In 1957, after regaining control of the Strip, Egypt took some measures to relieve the situation, which included improving the seaport of *Gaza and encouraging exports. Although this had a positive effect for some Palestinians, it did not bring about fundamental structural change, and "national output" from the Strip did not significantly increase; in the last full year of Egyptian control over the Strip, per capita gnp stood at only us$80 (about 1,500 nis in 2005 prices).
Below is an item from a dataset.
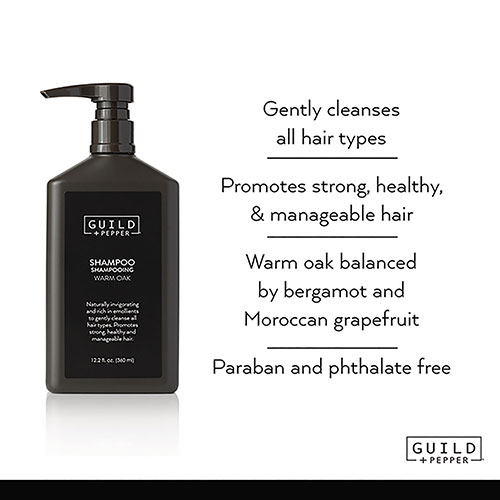 Guild+Pepper® Shampoo, Warm Oak, 12.2 oz Bottle, 12/Carton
From Direct Control to Disengagement: Israel and the Gaza Strip
At the end of the Six-Day War in June 1967, Israel seemed very determined to hold on to the Strip. Prime Minister Levi *Eshkol declared that "Israel intends to keep the former part of Jerusalem and the Gaza Strip" and his defense minister, Moshe *Dayan, declared that "the Gaza Strip is Israel's and steps will be taken to make it part of this country." Even so, a full annexation did not follow these declarations. Although small settlements of Israeli Jews were established in the Gaza Strip, it was only in stages that the notion of annexation was replaced by that of separation.
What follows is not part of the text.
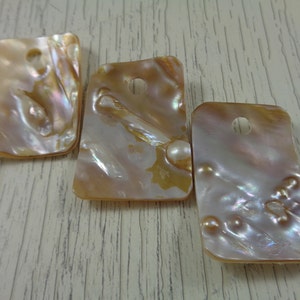 May include: Three iridescent, rectangular, mother-of-pearl shell pendants with holes for stringing. The pendants have a light brown colour with a pearlescent sheen.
In the Camp David Accords between Israel and Egypt in 1978, Israel signed "a framework for peace in the Middle East" which called for the implementation of an autonomy plan for the West Bank and Gaza Strip, but left open the question of sovereignty over these territories. In 1994–95, in the Oslo Accords between Israel and the Palestine Liberation Organization (plo), a timetable was drawn up for the withdrawal of Israeli forces from the Gaza Strip and the West Bank, and for the formation of a self-governing Palestinian entity, leading to the establishment of a Palestinian state. The so-called permanent status issues such as the fate of Palestinian refugees, the future of Israeli settlements in the West Bank and Gaza, and agreed borders between Israel and a Palestinian entity, were deliberately excluded from the Accords and left for future negotiations. Subsequently, the Palestinian Authority (pa) was established as the new governing regime in the Strip. Israel handed over some areas in which both civilian and security authority were transferred to the pa. However, violence and violations on both sides have held back progress in accordance with the Oslo Accords timetable. Nevertheless, the process of separation has been ongoing.
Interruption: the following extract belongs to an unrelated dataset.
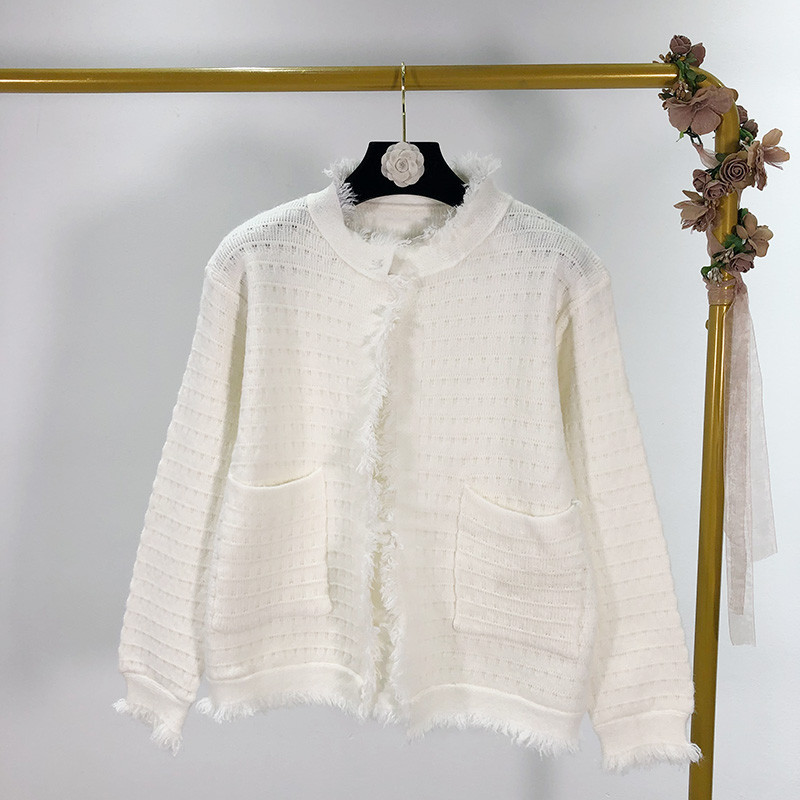 Cardigan de dama cu nasturi si franjuri in trei culori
In September 2005, Israel withdrew its troops and all Jewish settlers from the Gaza Strip and relinquished control of certain areas of the northern West Bank, in accordance with its unilateral Disengagement Plan, and the pa took control of the Strip. Israel, however, was to continue to control the Strip's borders and gateways, although the southern border – the "Philadelphi Road" – was to be guarded by Egypt. While the Israeli government expressed its hope that existing economic relations with the pa would be maintained, the Hamas victory in the Palestinian parliamentary elections in January 2006 threw future relations into doubt.
[Amos Nadan (2nd ed.)]
Nationalism, Politics, and Violence
The history of Gaza since 1967 should be seen within the context of the reemergence of Palestinian nationalism, Islamic political revival in Palestinian politics that began in the 1970s, and attempts to settle the Israeli-Palestinian and Arab conflict, especially since the outbreak of the Intifada in 1987. Regarding the ebb and flow of politics and violence within Gaza itself, it was highly volatile in the first years of Israeli rule, quiescent and peaceful between 1972 and the early 1980s, and after the eruption of the Intifada in December 1987, became steeped in almost perpetual violent struggle against Israeli rule. Gaza also became the scene to the most extreme forms of internecine political contention and violence, mostly between Fatah, the largest nationalist faction within the plo, and the Hamas, the major Islamic movement.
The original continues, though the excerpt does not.